O mais curioso é que quase todos esses partidos, embora guardem entre si algumas diferenças e muitas vezes briguem pelo poder como rivais inconciliáveis, representam hoje no país praticamente a mesma visão político-ideológica: a social-democracia. E se essa ideologia já tinha uma predominância incontestável no Congresso Nacional e no cenário político em geral, a Lei 9096/95, que instituiu a cláusula de exclusão, vai conferir-lhe poderes absolutos. Quer golpe maior na democracia? Que fique claro que este que escreve nada tem contra a social-democracia, enquanto os seus supostos defensores não atentarem contra o sufixo da ideologia que defendem.

O fato é que essa pérfida investida contra a democracia vai eliminar prováveis pedras no caminho legislativo dos grandes partidos, que acusam os pequenos de impor dificuldades para as negociações e de se valerem de barganhas fisiológicas. Como se o fisiologismo não mostrasse suas garras em todos os partidos!

O golpe da social-democracia provavelmente facilitará a convergência nas decisões do Congresso e assegurará sólidas maiorias na votação de algumas medidas. Mas isto a um custo bastante alto: a deslegitimação da vontade soberana de milhões de brasileiros que, em seus respectivos estados, têm o direito absoluto e inalienável de escolher os seus representantes, independente de estes pertencerem a um partido gigante ou a um partido de tamanho médio. Sim, porque os que mais estão no alvo da cláusula de barreira são os partidos de porte médio: não se pode, a rigor, chamar o PSOL, o PC do B, o PL, o PTB, o PPS e o PV de pequenos.

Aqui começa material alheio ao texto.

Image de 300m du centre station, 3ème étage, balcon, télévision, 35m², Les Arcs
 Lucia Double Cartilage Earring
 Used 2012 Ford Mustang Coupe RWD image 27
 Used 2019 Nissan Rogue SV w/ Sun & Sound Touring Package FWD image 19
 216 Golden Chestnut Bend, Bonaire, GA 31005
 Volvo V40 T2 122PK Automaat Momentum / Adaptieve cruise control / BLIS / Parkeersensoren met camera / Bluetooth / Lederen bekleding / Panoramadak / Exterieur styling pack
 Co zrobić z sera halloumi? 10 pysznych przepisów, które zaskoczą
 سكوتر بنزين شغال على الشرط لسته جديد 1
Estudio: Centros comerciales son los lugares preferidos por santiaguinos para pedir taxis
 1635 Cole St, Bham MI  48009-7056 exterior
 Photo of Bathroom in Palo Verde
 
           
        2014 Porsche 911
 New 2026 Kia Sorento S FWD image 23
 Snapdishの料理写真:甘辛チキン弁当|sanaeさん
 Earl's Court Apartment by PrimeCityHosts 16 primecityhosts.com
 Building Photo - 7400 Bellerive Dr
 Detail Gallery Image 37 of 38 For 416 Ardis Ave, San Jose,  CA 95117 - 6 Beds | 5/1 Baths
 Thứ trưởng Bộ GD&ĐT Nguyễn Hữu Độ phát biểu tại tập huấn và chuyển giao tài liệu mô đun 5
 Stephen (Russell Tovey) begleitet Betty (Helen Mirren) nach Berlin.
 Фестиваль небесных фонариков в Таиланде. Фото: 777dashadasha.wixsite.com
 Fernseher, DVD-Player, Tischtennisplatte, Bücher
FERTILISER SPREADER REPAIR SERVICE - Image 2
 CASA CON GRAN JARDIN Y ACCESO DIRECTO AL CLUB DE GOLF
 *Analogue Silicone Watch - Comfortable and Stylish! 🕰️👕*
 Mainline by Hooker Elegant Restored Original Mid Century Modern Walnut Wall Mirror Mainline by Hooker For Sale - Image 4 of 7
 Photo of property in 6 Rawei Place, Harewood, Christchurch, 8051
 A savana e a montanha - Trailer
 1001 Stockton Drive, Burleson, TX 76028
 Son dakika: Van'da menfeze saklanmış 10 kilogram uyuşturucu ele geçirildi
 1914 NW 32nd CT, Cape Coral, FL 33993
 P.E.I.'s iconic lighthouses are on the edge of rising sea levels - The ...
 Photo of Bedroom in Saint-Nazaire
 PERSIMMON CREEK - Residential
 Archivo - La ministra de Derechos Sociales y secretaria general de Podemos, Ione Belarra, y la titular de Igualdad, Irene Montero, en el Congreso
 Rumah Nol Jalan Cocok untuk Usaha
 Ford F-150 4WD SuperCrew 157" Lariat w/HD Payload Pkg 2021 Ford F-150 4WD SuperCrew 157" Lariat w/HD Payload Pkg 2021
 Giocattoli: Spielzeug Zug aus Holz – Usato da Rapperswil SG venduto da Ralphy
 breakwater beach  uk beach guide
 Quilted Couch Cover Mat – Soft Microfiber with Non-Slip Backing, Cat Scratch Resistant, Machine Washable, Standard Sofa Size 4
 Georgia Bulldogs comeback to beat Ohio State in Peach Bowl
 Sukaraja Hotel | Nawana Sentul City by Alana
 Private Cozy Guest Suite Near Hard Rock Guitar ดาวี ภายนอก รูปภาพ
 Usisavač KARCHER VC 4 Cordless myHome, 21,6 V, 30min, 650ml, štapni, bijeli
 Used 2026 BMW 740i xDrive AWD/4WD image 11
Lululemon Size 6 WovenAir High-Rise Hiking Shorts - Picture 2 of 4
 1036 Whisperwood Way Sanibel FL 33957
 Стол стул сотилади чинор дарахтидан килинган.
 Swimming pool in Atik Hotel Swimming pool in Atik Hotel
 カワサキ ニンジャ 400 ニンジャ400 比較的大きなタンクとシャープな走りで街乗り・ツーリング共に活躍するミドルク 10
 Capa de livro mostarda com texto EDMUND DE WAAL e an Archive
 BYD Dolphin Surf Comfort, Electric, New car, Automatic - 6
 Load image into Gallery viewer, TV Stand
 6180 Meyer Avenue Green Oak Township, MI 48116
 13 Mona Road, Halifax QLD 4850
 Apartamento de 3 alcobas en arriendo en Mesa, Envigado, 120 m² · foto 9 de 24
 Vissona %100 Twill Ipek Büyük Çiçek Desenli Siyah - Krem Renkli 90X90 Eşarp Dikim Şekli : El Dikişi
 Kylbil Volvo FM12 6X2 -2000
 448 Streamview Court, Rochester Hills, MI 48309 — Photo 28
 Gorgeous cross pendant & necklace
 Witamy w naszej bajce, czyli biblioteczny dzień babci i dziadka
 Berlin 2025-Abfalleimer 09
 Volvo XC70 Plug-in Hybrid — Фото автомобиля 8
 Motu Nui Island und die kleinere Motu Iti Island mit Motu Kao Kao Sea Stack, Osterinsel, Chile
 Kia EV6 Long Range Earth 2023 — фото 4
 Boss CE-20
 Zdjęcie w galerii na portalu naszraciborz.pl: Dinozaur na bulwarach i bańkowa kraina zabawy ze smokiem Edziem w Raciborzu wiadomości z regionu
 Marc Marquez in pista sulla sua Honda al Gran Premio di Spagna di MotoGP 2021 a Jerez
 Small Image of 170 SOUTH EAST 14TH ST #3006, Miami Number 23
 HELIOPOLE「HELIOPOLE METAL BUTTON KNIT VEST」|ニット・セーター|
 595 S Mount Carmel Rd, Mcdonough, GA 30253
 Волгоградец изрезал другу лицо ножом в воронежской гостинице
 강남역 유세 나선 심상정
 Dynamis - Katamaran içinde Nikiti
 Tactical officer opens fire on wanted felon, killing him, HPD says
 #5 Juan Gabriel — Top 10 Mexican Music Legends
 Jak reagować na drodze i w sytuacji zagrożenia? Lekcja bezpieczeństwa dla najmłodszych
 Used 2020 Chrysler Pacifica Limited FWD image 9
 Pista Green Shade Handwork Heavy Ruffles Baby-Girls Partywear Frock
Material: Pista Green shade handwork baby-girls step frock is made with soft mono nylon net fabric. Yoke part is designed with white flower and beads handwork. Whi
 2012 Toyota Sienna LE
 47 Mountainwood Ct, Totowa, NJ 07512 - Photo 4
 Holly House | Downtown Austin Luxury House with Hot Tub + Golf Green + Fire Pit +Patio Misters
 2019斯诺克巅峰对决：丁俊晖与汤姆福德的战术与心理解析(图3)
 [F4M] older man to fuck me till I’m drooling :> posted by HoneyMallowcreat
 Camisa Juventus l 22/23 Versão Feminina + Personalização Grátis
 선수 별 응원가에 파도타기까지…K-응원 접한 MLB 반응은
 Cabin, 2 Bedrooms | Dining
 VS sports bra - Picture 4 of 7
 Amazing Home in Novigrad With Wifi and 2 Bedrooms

Precisamente porque eles não são pequenos é que nasce o desejo de eliminá-los, de afastá-los do caminho, de anulá-los politicamente, de suprimir as suas forças e revogar sua representatividade. Infelizmente, com isso, elimina-se, suprime-se e revoga-se também uma boa parte daquele bem social tão precioso a que se costuma chamar democracia.